Exercise details: Pictures should be omitted; restate word for word the lines from the one holding "Ensemble de survêtement" through the last line of the entries below.

Supplied information:

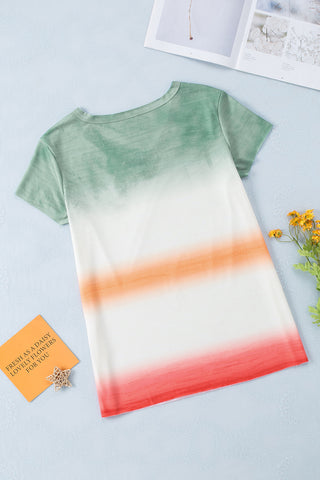 Shop Double Take Tie-Dye V-Neck Short Sleeve Tee Now On Klozey Store - Trendy U.S. Premium Women Apparel & Accessories And Be Up-To-Fashion!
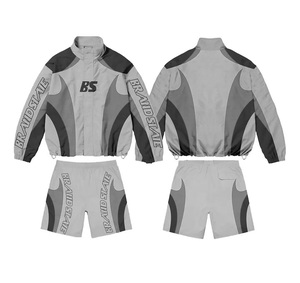 Ensemble de survêtement coupe-vent personnalisé en polyester et nylon, avec short de jogging vierge et veste zippée brodée, coupe-vent et résistant au vent - Product Image 4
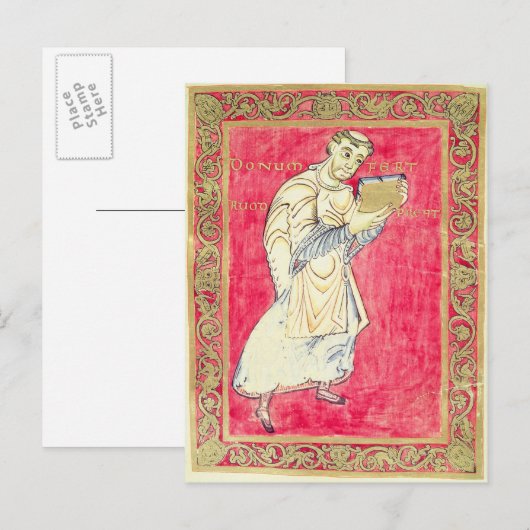 Der Mönch Ruodprehet präsentiert sein Buch Postkarte (Vorne/Hinten)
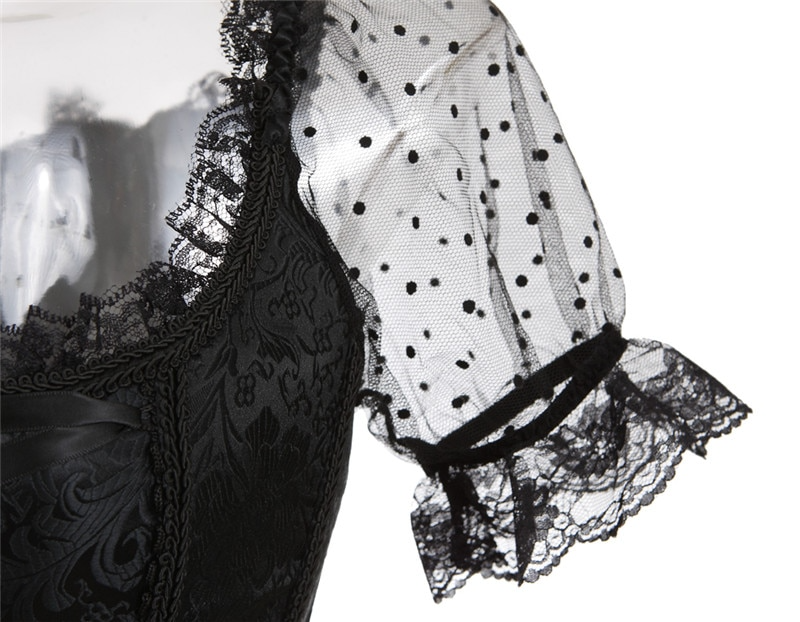 hulianfu Summer Shirts Women Steampunk Lace Patchwork Tops Short Sleeves Stand Collar Tops Vintage Party Cocktail Gothic Retro Blouse New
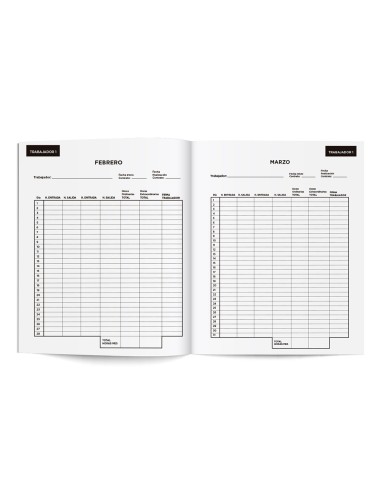 Libro liderpapel registro de jornada empleados a4 10 empleados mes pagina papel blanco 90 g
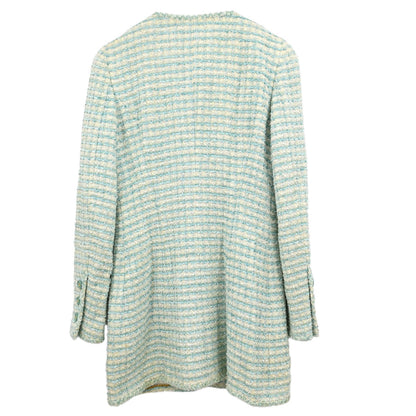 Chanel 1997 Striped Collarless Tweed Jacket Light Blue #38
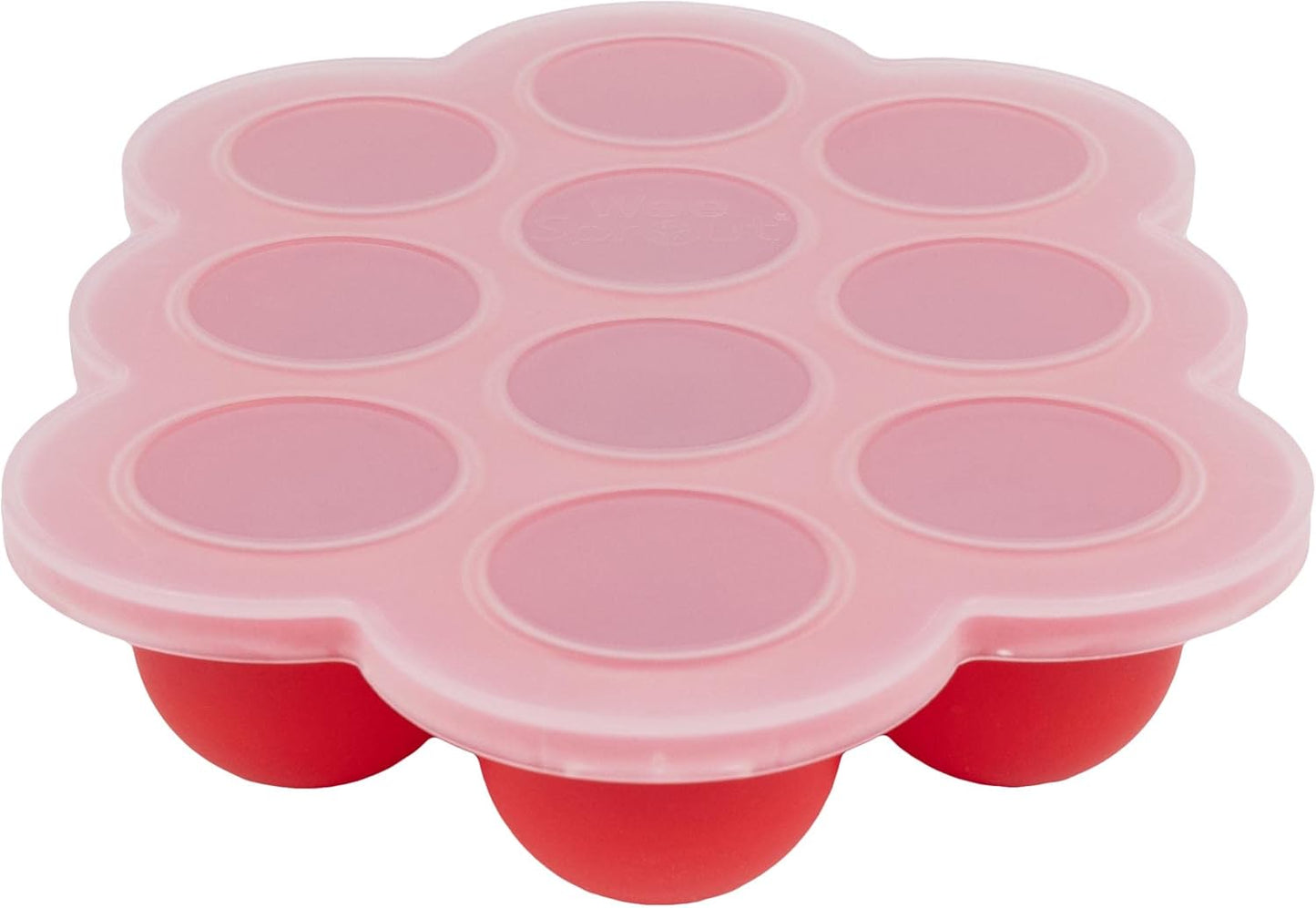 WeeSprout Silicone Freezer Tray with Clip on Lid Perfect Food Storage Container for Homemade Baby Food, Vegetable, Fruit Purees, and Breast Milk (Bright Orange, Ten 1.5 Ounce Sections)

Result for this task:
 Ensemble de survêtement coupe-vent personnalisé en polyester et nylon, avec short de jogging vierge et veste zippée brodée, coupe-vent et résistant au vent - Product Image 4
 Der Mönch Ruodprehet präsentiert sein Buch Postkarte (Vorne/Hinten)
 hulianfu Summer Shirts Women Steampunk Lace Patchwork Tops Short Sleeves Stand Collar Tops Vintage Party Cocktail Gothic Retro Blouse New
 Libro liderpapel registro de jornada empleados a4 10 empleados mes pagina papel blanco 90 g
 Chanel 1997 Striped Collarless Tweed Jacket Light Blue #38
 WeeSprout Silicone Freezer Tray with Clip on Lid Perfect Food Storage Container for Homemade Baby Food, Vegetable, Fruit Purees, and Breast Milk (Bright Orange, Ten 1.5 Ounce Sections)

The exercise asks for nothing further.